Title: To Be a Queen: The Story of the Lady of the Mercians
Author: Annie Whitehead

A bit about the author

Historian, author, and accepted member of the Royal Historical Society, with a love of all things Anglo-Saxon. Annie writes wonderful posts about her research. She lives in the UK and shares beautiful photos of her walks in the countryside on her Facebook page.

The story
One family, two kingdoms, one common enemy…

This is the story of Aethelflaed, the Lady of the Mercians, daughter of Alfred the Great of Wessex, and the only female leader of an Anglo-Saxon kingdom. Aethelflaed must win the hearts of the Mercians who despise her as a foreigner and twice make an attempt on her life. When her husband falls ill and is incapacitated, she learns to rule and lead an army in his stead.
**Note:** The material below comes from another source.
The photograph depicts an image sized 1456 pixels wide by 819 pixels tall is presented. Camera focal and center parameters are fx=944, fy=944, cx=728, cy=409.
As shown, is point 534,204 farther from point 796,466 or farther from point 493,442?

Eventually Aethelflaed must fight to save her adopted Mercia from the Vikings and, ultimately, her own brother. –condensed from the book blurb

My Review

***4.5 stars***

A beautifully written novel of a life not well-documented in the history books. Aethelflaed, the lady of the Mercians, daughter of King Alfred the Great, was a woman of her time. Her arranged marriage to a stranger cemented an alliance between Alfred’s Wessex and the kingdom of Mercia. But Aethelflaed becomes so much more than a ‘business deal’ as Ms. Whitehead leads the reader through this extraordinary life of a woman who becomes a leader, a queen in all but name.
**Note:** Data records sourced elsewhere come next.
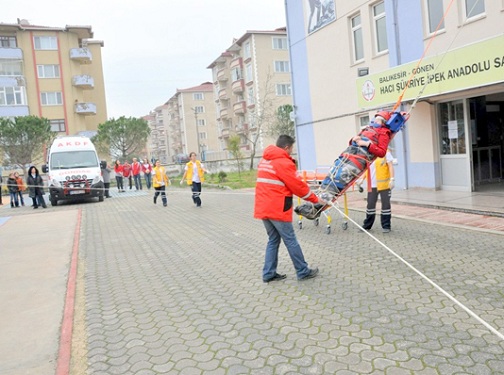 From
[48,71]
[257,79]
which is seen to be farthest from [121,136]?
[257,79]

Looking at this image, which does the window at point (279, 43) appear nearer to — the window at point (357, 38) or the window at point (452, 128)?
the window at point (357, 38)

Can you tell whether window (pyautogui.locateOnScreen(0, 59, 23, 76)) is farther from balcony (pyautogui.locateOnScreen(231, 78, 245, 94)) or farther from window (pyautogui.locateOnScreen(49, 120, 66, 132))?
balcony (pyautogui.locateOnScreen(231, 78, 245, 94))

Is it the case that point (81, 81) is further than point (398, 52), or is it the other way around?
point (81, 81)

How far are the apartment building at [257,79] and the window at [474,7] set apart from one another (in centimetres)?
3538

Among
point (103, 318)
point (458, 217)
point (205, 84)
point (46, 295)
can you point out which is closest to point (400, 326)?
point (103, 318)

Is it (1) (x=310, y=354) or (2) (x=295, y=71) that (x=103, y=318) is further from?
(2) (x=295, y=71)

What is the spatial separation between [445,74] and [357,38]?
6070 mm

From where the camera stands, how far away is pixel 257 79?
5388cm

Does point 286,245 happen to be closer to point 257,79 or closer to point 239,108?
point 257,79

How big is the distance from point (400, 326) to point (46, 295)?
181 inches

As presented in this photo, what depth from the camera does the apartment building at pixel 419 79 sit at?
10.8 m

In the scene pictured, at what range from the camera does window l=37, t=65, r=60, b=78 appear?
46.2m

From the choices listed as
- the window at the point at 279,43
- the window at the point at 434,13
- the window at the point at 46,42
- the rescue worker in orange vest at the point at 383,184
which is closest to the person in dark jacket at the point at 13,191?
the rescue worker in orange vest at the point at 383,184

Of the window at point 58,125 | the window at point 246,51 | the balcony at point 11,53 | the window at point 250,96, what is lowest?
the window at point 58,125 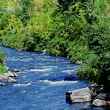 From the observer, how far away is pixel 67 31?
85062 millimetres

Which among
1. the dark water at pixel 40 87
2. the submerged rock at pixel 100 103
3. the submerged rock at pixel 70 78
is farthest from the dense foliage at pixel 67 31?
the dark water at pixel 40 87

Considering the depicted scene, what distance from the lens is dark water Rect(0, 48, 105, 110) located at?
144ft

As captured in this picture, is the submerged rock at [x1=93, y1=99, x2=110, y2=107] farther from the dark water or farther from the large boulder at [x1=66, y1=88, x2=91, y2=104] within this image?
the large boulder at [x1=66, y1=88, x2=91, y2=104]

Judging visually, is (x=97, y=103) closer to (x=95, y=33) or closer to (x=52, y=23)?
(x=95, y=33)

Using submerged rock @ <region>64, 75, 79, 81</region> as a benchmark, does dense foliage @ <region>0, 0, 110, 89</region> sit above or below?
above

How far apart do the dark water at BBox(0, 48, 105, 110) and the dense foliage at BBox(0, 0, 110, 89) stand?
287 cm

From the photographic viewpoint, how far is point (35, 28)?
317 feet

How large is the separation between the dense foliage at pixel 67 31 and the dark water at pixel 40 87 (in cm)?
287

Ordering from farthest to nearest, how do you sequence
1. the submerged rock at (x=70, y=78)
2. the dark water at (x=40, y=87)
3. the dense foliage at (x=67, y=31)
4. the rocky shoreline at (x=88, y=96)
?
the submerged rock at (x=70, y=78) < the dense foliage at (x=67, y=31) < the dark water at (x=40, y=87) < the rocky shoreline at (x=88, y=96)

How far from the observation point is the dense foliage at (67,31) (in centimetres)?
4553

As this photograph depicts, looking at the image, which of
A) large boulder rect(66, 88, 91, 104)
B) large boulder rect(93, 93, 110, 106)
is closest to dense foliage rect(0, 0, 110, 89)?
large boulder rect(93, 93, 110, 106)

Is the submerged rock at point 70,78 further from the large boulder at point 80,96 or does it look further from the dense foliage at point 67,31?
the large boulder at point 80,96

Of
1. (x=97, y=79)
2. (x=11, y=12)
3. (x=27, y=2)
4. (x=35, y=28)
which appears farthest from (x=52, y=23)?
(x=97, y=79)

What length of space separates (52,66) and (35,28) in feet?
105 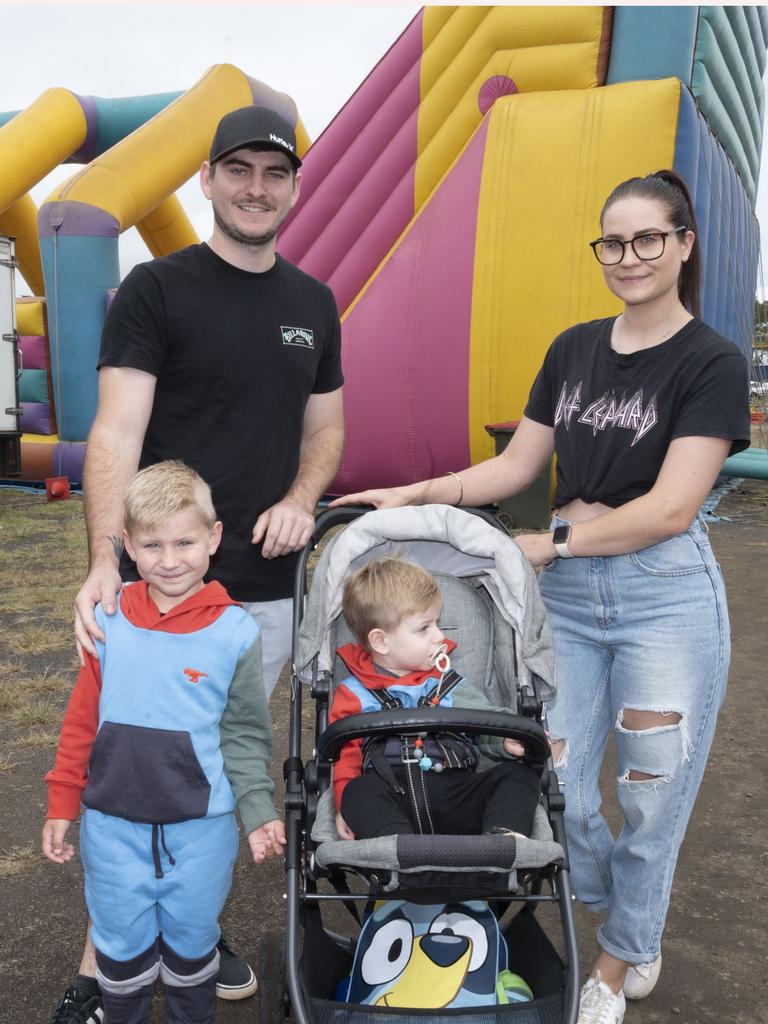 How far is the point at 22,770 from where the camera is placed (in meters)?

I had originally heard of Aethelflaed through the television series, The Last Kingdom. That, too, is fiction, but based very loosely on fact. A reader craving a more accurate background will see that Ms. Whitehead has done her research. To Be A Queen immerses the reader in this era when the Vikings raided England. The details of everyday life, the struggles, and politics and wars in 9th and 10th century Britain are a highlight.

“With too many cruel memories lurking among the benign flowerbeds, she took the path to the salt-works instead. Passing by the scriptorium, she smiled at a young novice monk attending to the strips of vellum stretching on their frames. He poured cold water on them, a job which she witnessed often; when a smooth sticky surface appeared, he and his fellow novices would bring their stools out into the sunshine and shave the skins with their little half-moon knives.”

This is a very believable account of Aethelflaed, from her childhood to her marriage to Aethelred, to her growth and gaining the respect of the people of Mercia.

And bonus for me: Ms. Whitehead is just as comfortable writing compelling battle scenes as writing everyday life. I highly recommend this book for anyone interested in British history.